ARKANSAS SIGHTSEEING: Arkansas Heritage Trails offer history on the road

A restored pioneer-era blockhouse stands at Cadron Settlement Park on the Trail of Tears. (Special to the Democrat-Gazette/Marcia Schnedler)
A restored pioneer-era blockhouse stands at Cadron Settlement Park on the Trail of Tears. (Special to the Democrat-Gazette/Marcia Schnedler)

A map of the Arkansas Heritage Trails System looks interlaced like a spider web in tracing four sets of routes that played important roles in the state's 19th-century history.

Some 2,000 rectangular highway markers alert travelers to these trails, officially designated in 2009 by the General Assembly. The law requires them to be "of state or national significance to Arkansas or American history, including without limitation trade, commerce, exploration, migration, settlement or military campaigns." They also must "have a far-reaching effect on broad patterns of American culture."

The web resemblance mainly reflects two trails, which mark tragic happenings in the state's past. One is the Trail of Tears journeys taken by American Indian nations forcibly moved west. The other marks sanguinary Civil War campaigning. The remaining two, mainly peaceful and less dispersed, trace antebellum transportation along the Southwest Trail and the Butterfield Overland Mail Trail.

Trail of Tears markers extend to all four corners of Arkansas. That reflects the fact that the 1830s saw the involuntary westward passage to present-day Oklahoma of five nations: Cherokee, Choctaw, Creek, Chickasaw and Seminole.

Replica cannon can be seen on the Civil War Trails’ Little Rock campaign route. (Special to the Democrat-Gazette/Marcia Schnedler)
Replica cannon can be seen on the Civil War Trails’ Little Rock campaign route. (Special to the Democrat-Gazette/Marcia Schnedler)

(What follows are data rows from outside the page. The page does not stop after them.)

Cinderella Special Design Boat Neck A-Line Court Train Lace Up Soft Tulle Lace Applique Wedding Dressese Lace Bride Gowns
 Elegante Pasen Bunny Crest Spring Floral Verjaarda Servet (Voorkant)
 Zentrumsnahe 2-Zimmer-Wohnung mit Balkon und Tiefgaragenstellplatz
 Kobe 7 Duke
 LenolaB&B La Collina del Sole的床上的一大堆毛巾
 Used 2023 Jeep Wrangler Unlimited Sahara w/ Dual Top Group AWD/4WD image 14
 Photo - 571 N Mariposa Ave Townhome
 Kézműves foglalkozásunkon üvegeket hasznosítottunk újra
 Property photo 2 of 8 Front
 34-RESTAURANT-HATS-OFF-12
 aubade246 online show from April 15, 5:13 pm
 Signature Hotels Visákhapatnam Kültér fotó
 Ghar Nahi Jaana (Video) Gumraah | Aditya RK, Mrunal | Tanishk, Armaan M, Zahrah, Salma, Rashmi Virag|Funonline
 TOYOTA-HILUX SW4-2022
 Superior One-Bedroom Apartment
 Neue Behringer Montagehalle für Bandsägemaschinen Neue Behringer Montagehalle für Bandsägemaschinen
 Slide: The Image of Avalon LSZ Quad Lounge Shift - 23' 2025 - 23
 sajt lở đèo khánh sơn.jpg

More than two dozen highway routes display Trail of Tears signs. At some notable locations, plaques give details on the forced migrations, during which uncounted numbers of tribal members died of disease and hardship. Plaques at one poignant site, Cadron Settlement Park west of Conway, pay respects to the 100 or more Cherokees who died there during an 1834 cholera epidemic.

Eight episodes are covered in the Civil War trails: the Pea Ridge campaign, the Prairie Grove campaign, the Little Rock campaign, the Camden expedition, Confederate approaches to Helena, Confederate approaches to Pine Bluff, Cabell's route to Fayetteville and the Price Raid route.

Many Arkansans will be familiar with two of the Civil War spots: Pea Ridge Battlefield National Park and Prairie Grove Battlefield State Park. Other designated routes explore less familiar military clashes.

Cabell's route traces action on April 16, 1863, when a Confederate force led by Brig. Gen. William "Old Tige" Cabell attacked Col. M. LaRue Harrison's Union troops in Fayetteville. The Confederates were driven back into the Boston Mountains. Another encounter, the Confederate attack on Pine Bluff, took place in October 1863, when a small Union garrison fought off a Rebel effort to retake that city.

A downtown marker commemorates the passage of the Southwest Trail through Benton. (Special to the Democrat-Gazette/Marcia Schnedler)
A downtown marker commemorates the passage of the Southwest Trail through Benton. (Special to the Democrat-Gazette/Marcia Schnedler)

Southwest Trail signs extend from the Missouri border near Maynard southwest to Texarkana, marking part of an early 19th-century complex of routes from Ste. Genevieve, Mo., to the Red River Valley of Texas.

During Arkansas' territorial period before 1836, the Southwest Trail was one of the few roads of any kind in the future state. Driving along Interstate 30 or U.S. 67, you are running parallel to the onetime route. Plaques in Benton and other communities once served by the trail give details.

Markers for the Butterfield Overland Mail Trail line a single route from West Memphis to Fort Smith, with a branch to Little Rock, before heading north to the Missouri state line. The mail service to the West Coast via stagecoach was founded in 1858 by John Butterfield. It was eclipsed only two years later by the faster Pony Express.

The trail's brief heyday is evoked in Pottsville, 75 miles northwest of Little Rock, at the Potts Inn Museum. Built mostly with slave labor, it served as an overnight stop for Butterfield passengers, who sometimes had to sleep two to a bed and eight to a room. Today's visitors may conclude that the Good Old Days were rarely so good when it came to creature comforts.

Maps and other details on Arkansas Heritage Trails can be found at arkansasheritagetrails.com.